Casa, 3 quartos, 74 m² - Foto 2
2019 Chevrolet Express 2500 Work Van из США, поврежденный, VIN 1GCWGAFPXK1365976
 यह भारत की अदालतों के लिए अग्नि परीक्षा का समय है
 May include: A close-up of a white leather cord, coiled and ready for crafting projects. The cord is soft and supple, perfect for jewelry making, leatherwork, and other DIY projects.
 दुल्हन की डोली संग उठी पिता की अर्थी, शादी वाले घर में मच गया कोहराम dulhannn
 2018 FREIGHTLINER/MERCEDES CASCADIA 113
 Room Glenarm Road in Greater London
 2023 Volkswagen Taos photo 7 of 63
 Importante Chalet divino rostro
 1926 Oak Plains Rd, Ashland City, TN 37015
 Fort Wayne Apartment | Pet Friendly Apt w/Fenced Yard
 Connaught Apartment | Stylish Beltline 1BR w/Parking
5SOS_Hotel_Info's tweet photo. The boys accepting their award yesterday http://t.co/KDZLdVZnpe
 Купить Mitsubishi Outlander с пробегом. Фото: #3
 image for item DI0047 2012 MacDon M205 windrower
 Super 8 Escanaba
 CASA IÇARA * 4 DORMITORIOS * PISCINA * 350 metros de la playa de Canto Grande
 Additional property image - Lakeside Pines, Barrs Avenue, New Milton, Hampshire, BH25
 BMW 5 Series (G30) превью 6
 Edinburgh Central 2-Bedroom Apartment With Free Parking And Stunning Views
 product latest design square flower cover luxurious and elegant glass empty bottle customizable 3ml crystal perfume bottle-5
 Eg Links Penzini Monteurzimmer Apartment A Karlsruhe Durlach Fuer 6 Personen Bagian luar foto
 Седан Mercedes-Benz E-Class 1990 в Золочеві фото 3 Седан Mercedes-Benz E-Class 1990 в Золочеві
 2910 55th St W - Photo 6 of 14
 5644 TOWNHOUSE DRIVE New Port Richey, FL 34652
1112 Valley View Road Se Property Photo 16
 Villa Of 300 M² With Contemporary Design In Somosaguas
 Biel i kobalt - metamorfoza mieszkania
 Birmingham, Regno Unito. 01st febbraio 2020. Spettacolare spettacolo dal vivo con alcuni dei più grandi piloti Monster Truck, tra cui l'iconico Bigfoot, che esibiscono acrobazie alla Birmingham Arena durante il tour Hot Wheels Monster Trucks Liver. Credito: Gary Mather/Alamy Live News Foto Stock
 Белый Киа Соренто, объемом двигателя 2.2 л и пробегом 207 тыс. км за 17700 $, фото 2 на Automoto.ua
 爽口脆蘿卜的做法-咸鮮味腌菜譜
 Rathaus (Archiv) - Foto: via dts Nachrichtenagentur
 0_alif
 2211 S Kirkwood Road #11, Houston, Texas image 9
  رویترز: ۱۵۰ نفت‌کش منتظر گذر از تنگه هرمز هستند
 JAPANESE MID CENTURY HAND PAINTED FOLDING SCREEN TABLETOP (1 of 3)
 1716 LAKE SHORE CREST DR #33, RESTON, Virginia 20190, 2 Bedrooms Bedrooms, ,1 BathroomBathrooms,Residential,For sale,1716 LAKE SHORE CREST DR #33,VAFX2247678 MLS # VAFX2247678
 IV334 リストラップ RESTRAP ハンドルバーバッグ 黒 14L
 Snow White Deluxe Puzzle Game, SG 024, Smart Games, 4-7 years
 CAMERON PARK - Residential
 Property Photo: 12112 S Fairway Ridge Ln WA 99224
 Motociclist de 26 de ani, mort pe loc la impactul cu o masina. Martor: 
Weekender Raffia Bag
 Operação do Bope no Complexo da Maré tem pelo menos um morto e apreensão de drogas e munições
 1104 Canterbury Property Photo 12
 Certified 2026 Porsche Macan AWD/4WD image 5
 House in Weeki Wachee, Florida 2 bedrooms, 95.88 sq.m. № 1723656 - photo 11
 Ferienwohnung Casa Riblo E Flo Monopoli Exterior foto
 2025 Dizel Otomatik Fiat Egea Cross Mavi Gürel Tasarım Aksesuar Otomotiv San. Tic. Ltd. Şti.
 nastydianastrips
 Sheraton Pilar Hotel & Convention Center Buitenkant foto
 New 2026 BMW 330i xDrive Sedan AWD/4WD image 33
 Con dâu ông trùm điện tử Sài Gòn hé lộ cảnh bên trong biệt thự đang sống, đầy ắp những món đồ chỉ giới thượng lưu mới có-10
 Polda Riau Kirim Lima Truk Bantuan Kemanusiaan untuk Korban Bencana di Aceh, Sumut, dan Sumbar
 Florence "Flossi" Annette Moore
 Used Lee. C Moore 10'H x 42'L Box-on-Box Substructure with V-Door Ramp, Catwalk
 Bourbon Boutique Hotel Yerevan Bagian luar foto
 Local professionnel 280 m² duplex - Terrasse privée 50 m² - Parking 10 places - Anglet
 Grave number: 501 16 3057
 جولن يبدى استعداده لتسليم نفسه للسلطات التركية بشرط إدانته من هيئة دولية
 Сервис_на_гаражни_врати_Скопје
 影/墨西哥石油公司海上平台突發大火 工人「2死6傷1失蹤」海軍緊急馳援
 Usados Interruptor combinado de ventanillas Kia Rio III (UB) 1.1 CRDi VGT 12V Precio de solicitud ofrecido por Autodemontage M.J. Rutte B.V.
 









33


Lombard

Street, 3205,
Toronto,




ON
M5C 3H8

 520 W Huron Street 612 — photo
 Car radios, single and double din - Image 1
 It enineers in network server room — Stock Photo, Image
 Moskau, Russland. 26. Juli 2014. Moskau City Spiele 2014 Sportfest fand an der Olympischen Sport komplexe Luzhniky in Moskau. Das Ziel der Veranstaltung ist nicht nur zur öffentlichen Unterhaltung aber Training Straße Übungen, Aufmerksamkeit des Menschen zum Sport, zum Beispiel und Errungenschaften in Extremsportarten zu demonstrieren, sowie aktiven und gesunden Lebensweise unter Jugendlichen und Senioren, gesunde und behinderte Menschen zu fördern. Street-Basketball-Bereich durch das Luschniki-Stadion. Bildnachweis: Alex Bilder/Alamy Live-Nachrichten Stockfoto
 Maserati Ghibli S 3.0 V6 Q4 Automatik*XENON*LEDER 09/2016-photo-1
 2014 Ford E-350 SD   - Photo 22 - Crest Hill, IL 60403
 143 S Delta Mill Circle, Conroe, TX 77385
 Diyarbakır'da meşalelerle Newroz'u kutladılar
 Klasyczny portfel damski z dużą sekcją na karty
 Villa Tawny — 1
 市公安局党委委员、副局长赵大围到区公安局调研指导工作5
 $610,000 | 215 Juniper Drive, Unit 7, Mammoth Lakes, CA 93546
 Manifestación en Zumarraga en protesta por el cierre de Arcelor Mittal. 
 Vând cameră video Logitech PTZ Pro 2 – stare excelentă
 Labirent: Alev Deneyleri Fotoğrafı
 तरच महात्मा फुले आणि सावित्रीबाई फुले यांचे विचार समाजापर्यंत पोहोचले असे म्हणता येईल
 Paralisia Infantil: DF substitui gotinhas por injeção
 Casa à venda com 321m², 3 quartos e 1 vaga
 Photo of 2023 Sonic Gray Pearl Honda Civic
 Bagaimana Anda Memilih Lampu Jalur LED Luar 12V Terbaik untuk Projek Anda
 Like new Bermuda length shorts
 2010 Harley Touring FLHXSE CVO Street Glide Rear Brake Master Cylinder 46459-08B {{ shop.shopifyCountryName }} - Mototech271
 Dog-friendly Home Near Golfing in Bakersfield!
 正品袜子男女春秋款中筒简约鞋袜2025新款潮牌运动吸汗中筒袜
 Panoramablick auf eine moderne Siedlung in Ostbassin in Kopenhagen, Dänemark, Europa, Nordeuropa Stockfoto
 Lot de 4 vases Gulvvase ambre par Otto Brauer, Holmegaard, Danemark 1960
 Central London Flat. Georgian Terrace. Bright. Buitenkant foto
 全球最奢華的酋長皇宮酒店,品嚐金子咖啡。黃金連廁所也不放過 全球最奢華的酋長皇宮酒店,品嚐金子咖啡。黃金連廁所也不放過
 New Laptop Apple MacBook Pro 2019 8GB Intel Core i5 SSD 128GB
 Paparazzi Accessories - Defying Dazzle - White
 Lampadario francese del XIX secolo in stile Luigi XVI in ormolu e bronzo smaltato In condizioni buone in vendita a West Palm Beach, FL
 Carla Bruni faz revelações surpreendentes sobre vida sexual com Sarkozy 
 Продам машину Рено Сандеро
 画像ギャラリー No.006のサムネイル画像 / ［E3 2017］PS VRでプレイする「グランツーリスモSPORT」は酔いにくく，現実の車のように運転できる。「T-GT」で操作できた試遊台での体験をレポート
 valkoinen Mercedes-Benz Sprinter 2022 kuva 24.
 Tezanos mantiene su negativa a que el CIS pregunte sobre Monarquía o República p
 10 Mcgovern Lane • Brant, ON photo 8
....................
- _BRIEF_: Copy from the entries only those lines that hold the word "Buitenkant".

- _EXERCISE ANSWER_:
 Sheraton Pilar Hotel & Convention Center Buitenkant foto
 Central London Flat. Georgian Terrace. Bright. Buitenkant foto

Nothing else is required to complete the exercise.